**PROBLEM TO SOLVE:** The records below must be output exactly, without pictures.

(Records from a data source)

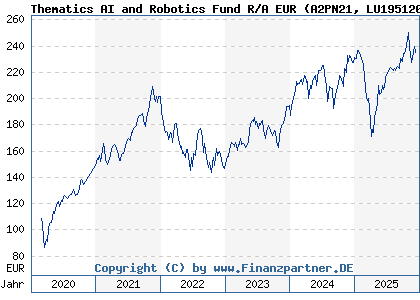 Chart: Thematics AI and Robotics Fund R/A EUR (A2PN21 LU1951200481)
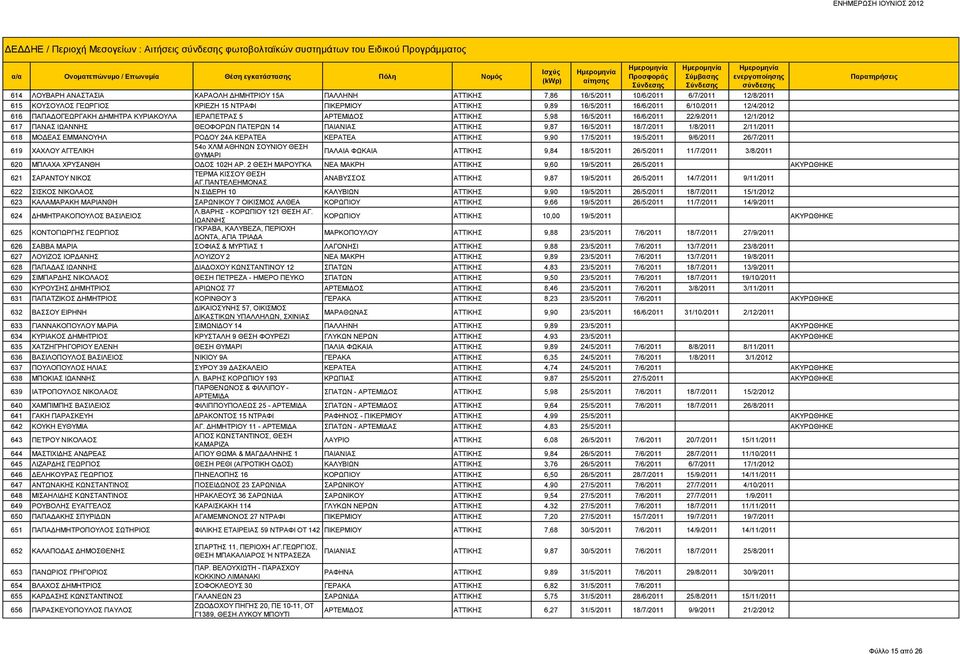 22/9/2011 12/1/2012 617 ΠΑΝΑΣ ΙΩΑΝΝΗΣ ΘΕΟΦΟΡΩΝ ΠΑΤΕΡΩΝ 14 ΠΑΙΑΝΙΑΣ ΑΤΤΙΚΗΣ 9,87 16/5/2011 18/7/2011 1/8/2011 2/11/2011 618 ΜΟΔΕΑΣ ΕΜΜΑΝΟΥΗΛ ΡΟΔΟΥ 24Α ΚΕΡΑΤΕΑ ΚΕΡΑΤΕΑ ΑΤΤΙΚΗΣ 9,90 17/5/2011 19/5/2011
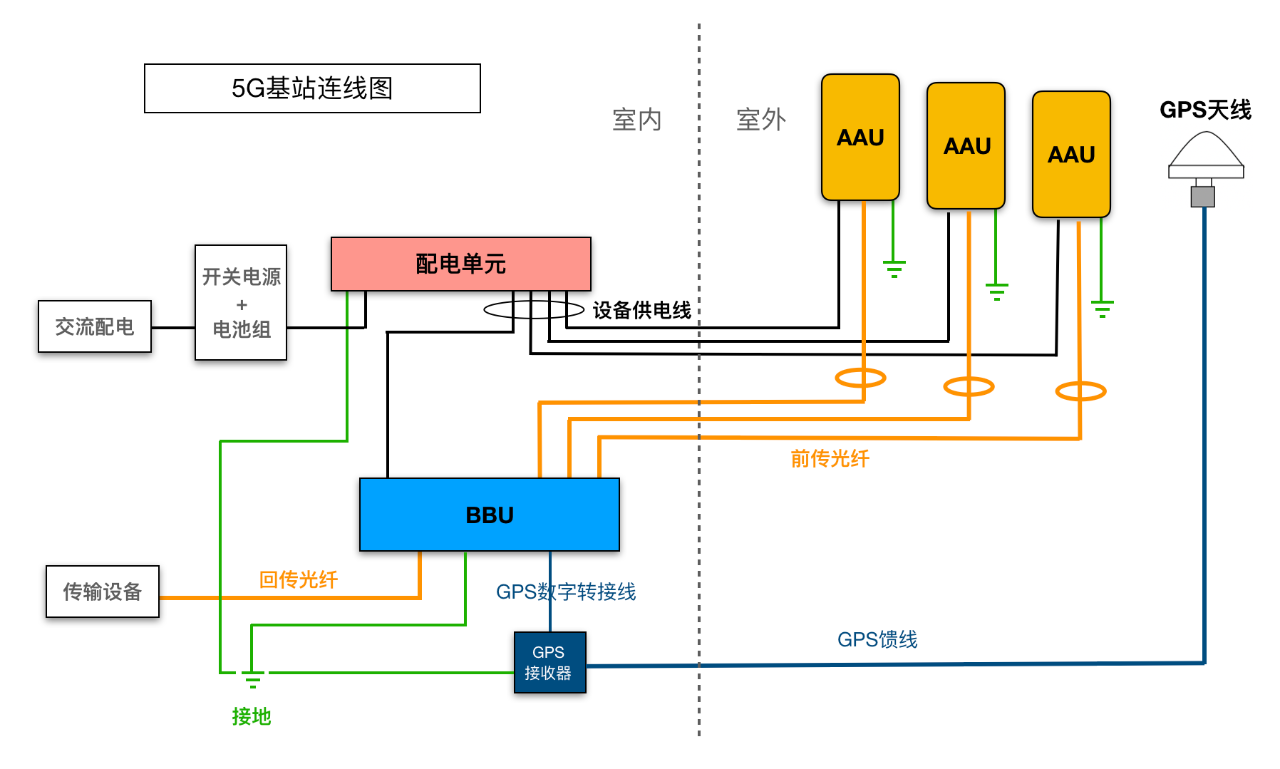 北京5G基站怎么安装？凯源恒润北京监控安装工程公司阐述5G基站建设速度！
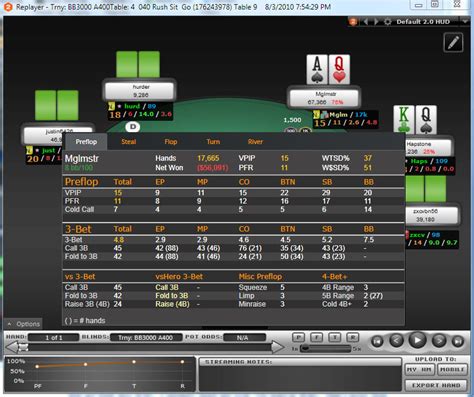 Poker Gratis Hud Download De Software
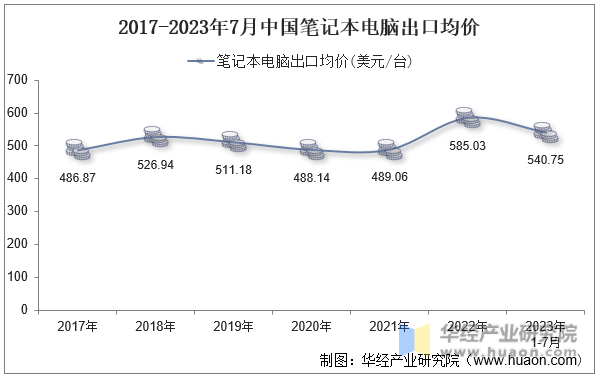 2017-2023年7月中国笔记本电脑出口均价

**RESULT OF THE TASK:**
 Chart: Thematics AI and Robotics Fund R/A EUR (A2PN21 LU1951200481)
 22/9/2011 12/1/2012 617 ΠΑΝΑΣ ΙΩΑΝΝΗΣ ΘΕΟΦΟΡΩΝ ΠΑΤΕΡΩΝ 14 ΠΑΙΑΝΙΑΣ ΑΤΤΙΚΗΣ 9,87 16/5/2011 18/7/2011 1/8/2011 2/11/2011 618 ΜΟΔΕΑΣ ΕΜΜΑΝΟΥΗΛ ΡΟΔΟΥ 24Α ΚΕΡΑΤΕΑ ΚΕΡΑΤΕΑ ΑΤΤΙΚΗΣ 9,90 17/5/2011 19/5/2011
 北京5G基站怎么安装？凯源恒润北京监控安装工程公司阐述5G基站建设速度！
 Poker Gratis Hud Download De Software
 2017-2023年7月中国笔记本电脑出口均价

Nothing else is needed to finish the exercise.